◆ **Stored items from a collection**
____

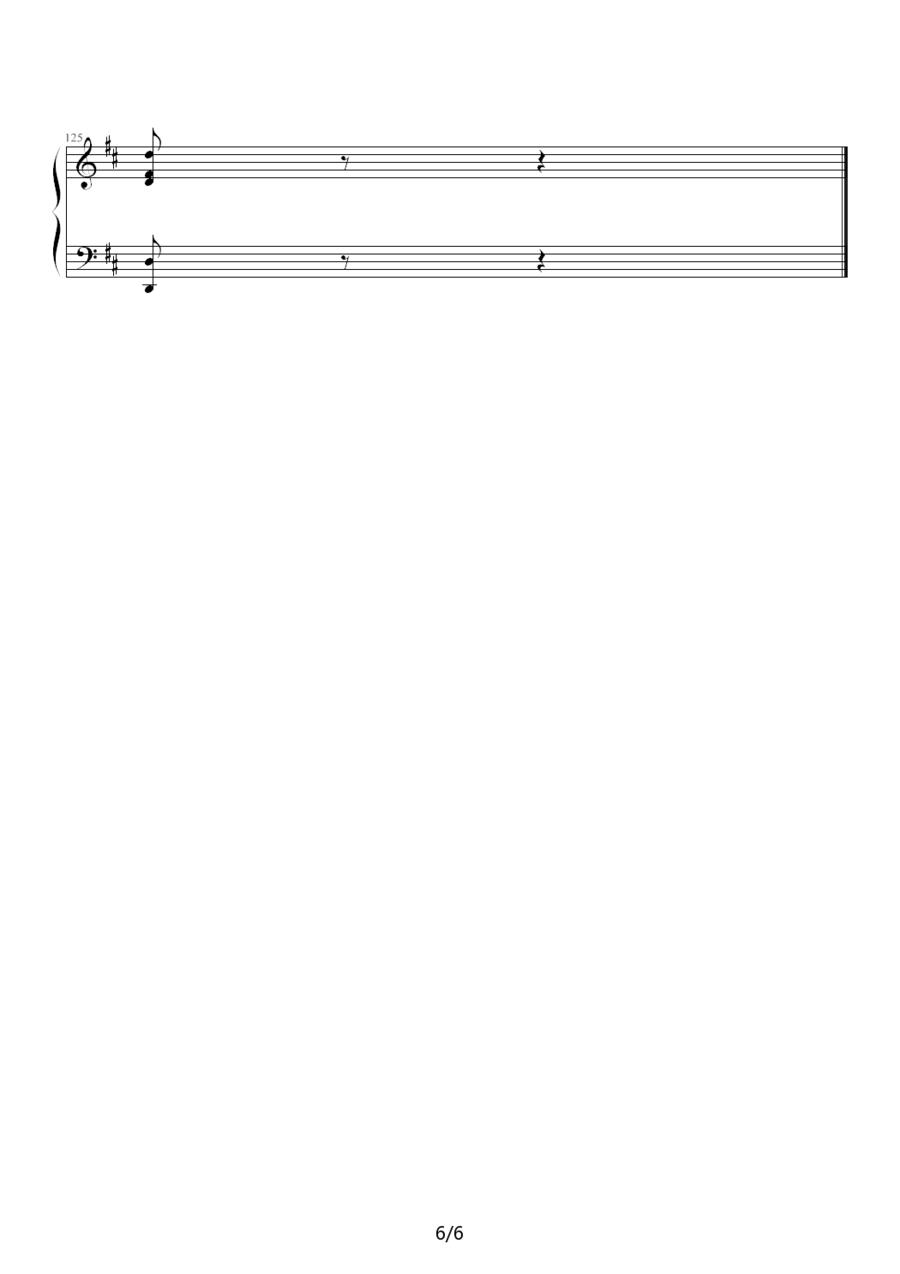 小谐谑曲钢琴曲谱（图6）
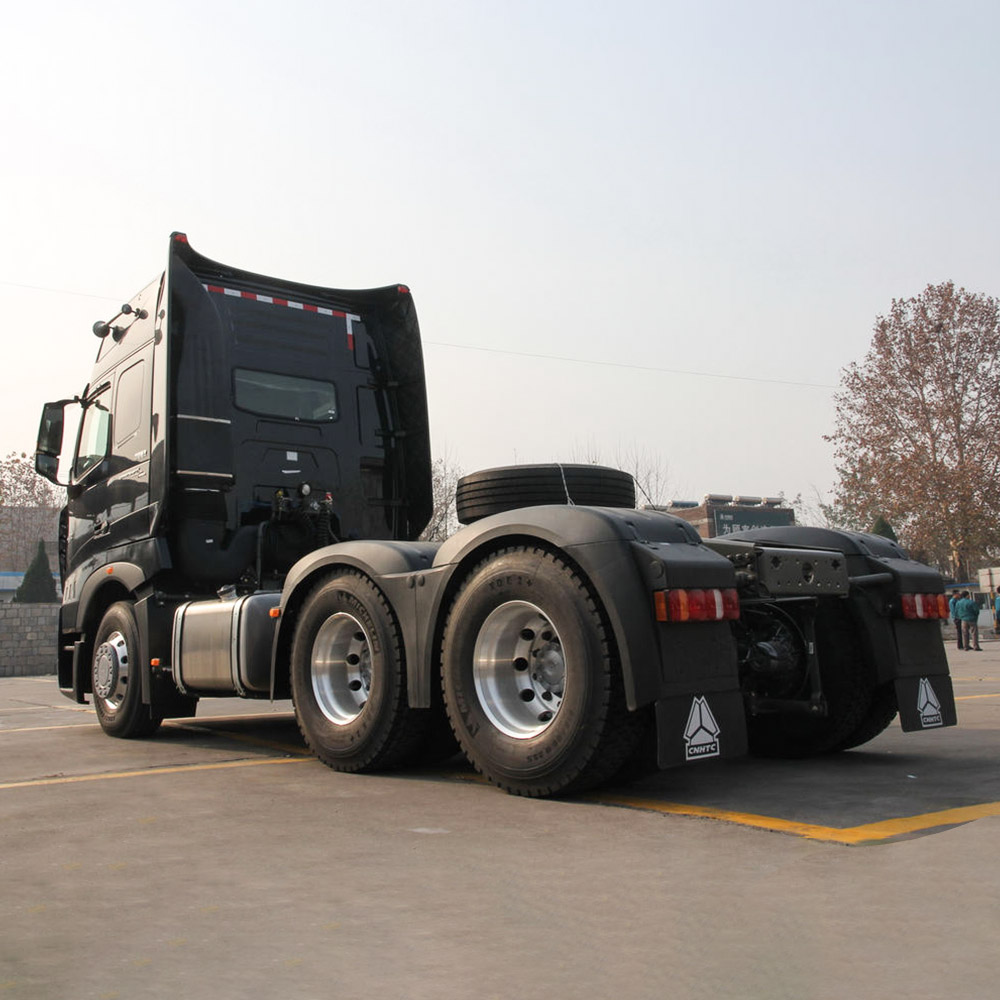 HOWO A7 420HP 6×4 Camion tracteur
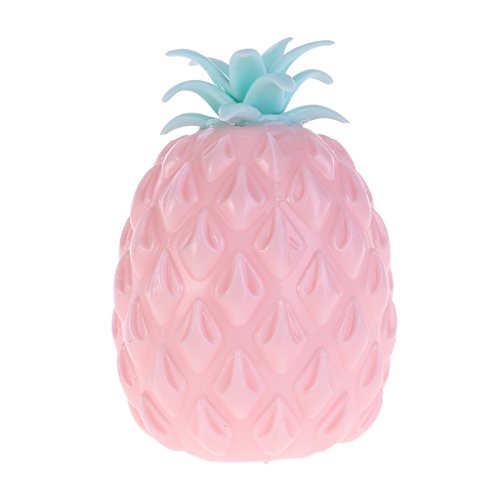 chenpaif New Pineapple Ball Anti Stress Bolas de ventilación de UVA Squeeze Stress Reliever Toy
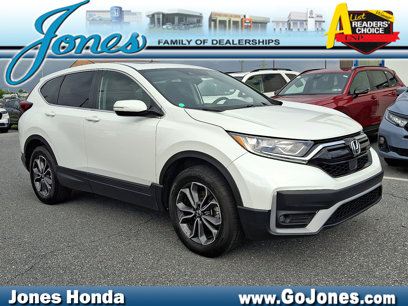 Certified 2022 Honda CR-V EX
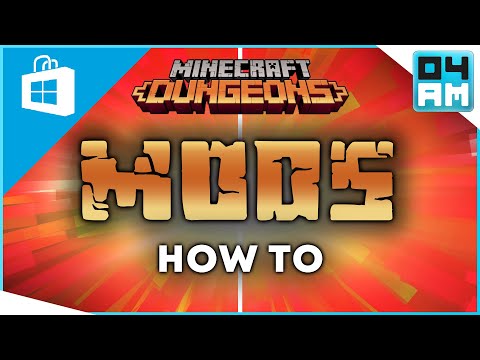 How To Get MODS For Minecraft Dungeons (Windows 10 ...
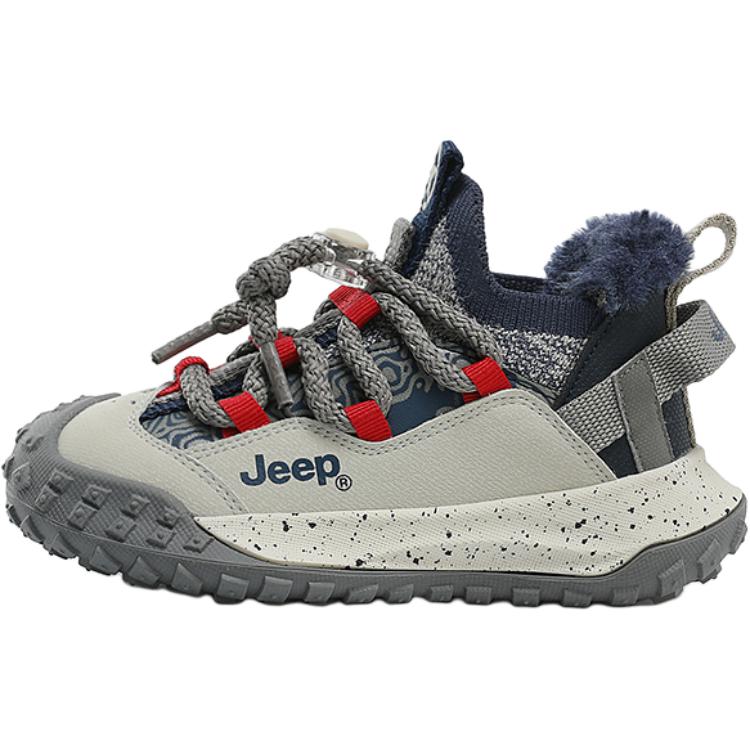 

Jeep Детские кроссовки средней высоты для повседневной носки, белые, серые, синие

____

◆ **TASK DESCRIPTION**
Could you set down every entry above exactly as it stands, with no images?

◆ **RESULT OF THIS TASK**
 小谐谑曲钢琴曲谱（图6）
 HOWO A7 420HP 6×4 Camion tracteur
 chenpaif New Pineapple Ball Anti Stress Bolas de ventilación de UVA Squeeze Stress Reliever Toy
 Certified 2022 Honda CR-V EX
 How To Get MODS For Minecraft Dungeons (Windows 10 ...

Jeep Детские кроссовки средней высоты для повседневной носки, белые, серые, синие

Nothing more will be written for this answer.